[Data provided]

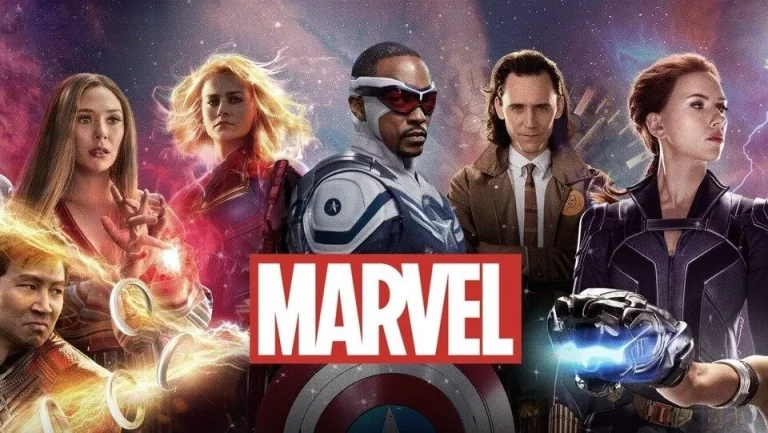 Las mejores películas de Marvel que te harán disfrutar este verano Las mejores películas de Marvel que te harán disfrutar este verano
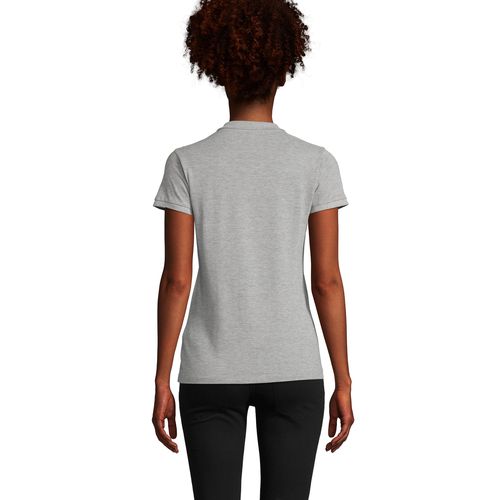 POLO FEMME SOL'S PLANET WOMEN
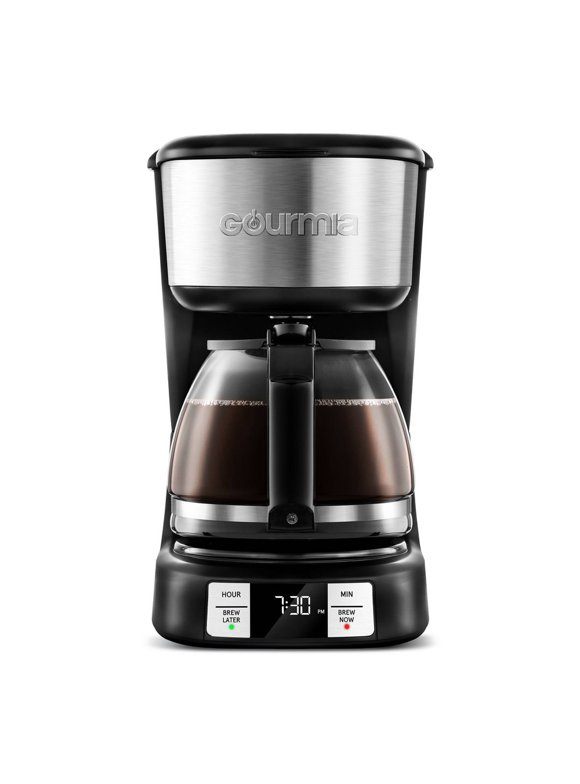 Gourmia Coffee & Espresso Makers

[/Data provided]

**Aim of the exercise**
Starting at the line that holds "POLO FEMME SOL'S PLANET WOMEN" and stopping at the last line of the listing above, write out each line exactly as it appears, and omit the pictures.

**Task output**
 POLO FEMME SOL'S PLANET WOMEN
 Gourmia Coffee & Espresso Makers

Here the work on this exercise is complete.